> **Available data**:
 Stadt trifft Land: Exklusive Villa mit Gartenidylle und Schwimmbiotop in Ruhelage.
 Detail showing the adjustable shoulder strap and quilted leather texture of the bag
==
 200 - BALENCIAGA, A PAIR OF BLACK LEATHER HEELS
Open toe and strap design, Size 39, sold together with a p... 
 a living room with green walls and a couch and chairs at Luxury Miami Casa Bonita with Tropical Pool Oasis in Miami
==
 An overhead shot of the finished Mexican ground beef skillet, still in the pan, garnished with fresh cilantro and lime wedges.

> **Work order**:
Can you repeat, word for word, every line above from the one containing "Stadt trifft Land: Exklusive" down to the one containing "Detail showing the", including both?

> **Exercise answer**:
 Stadt trifft Land: Exklusive Villa mit Gartenidylle und Schwimmbiotop in Ruhelage.
 Detail showing the adjustable shoulder strap and quilted leather texture of the bag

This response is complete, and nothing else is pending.